### What is expected
A verbatim copy of the full data, with no pictures, is the expected answer.

___ Collected data

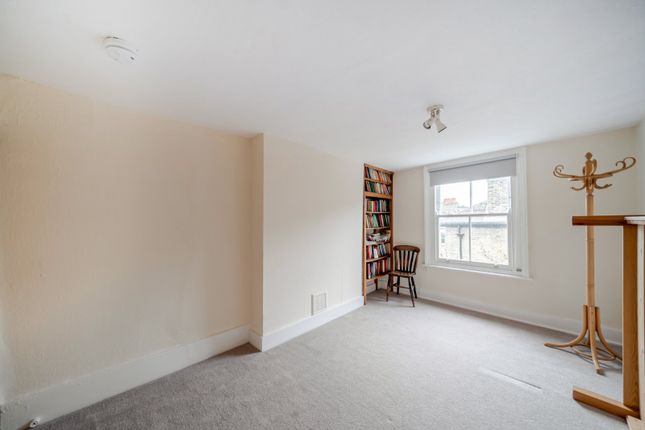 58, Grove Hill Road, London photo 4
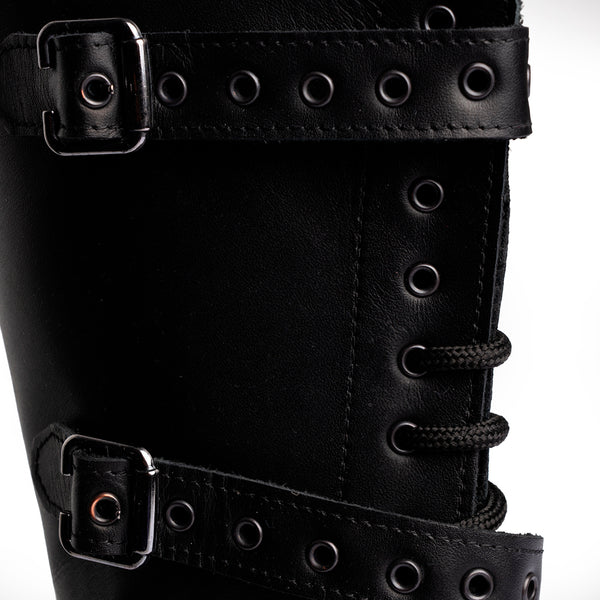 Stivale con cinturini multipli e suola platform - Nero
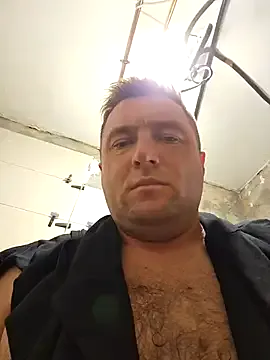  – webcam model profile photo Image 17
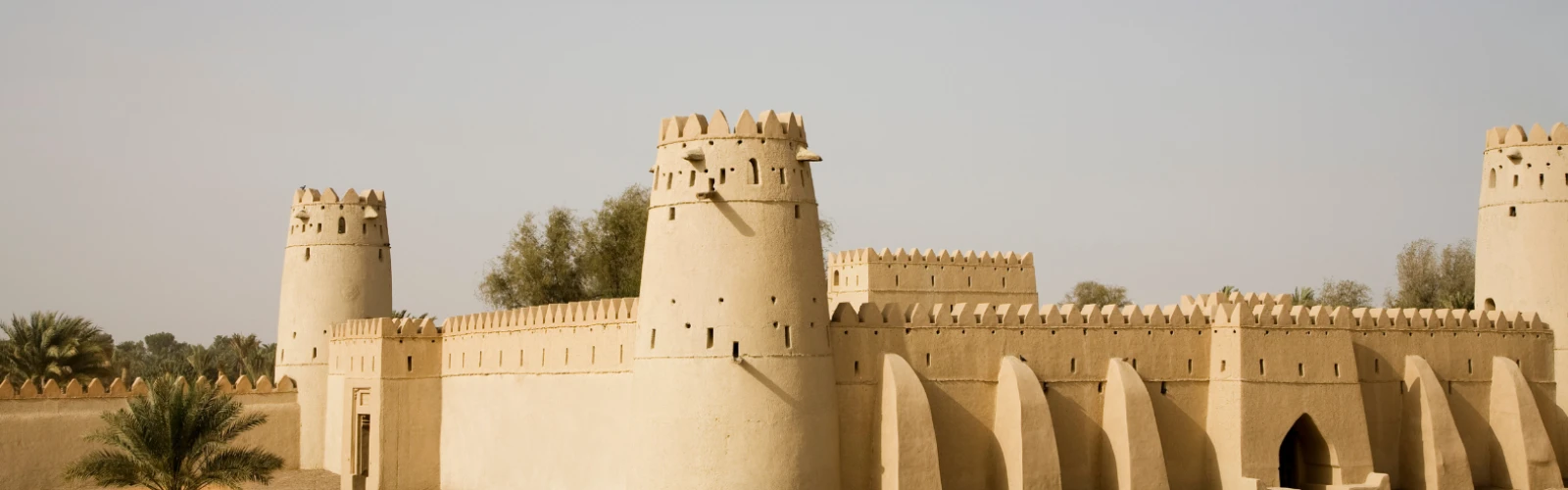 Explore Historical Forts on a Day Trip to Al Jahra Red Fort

______

### Task response
 58, Grove Hill Road, London photo 4
 Stivale con cinturini multipli e suola platform - Nero
  – webcam model profile photo Image 17
 Explore Historical Forts on a Day Trip to Al Jahra Red Fort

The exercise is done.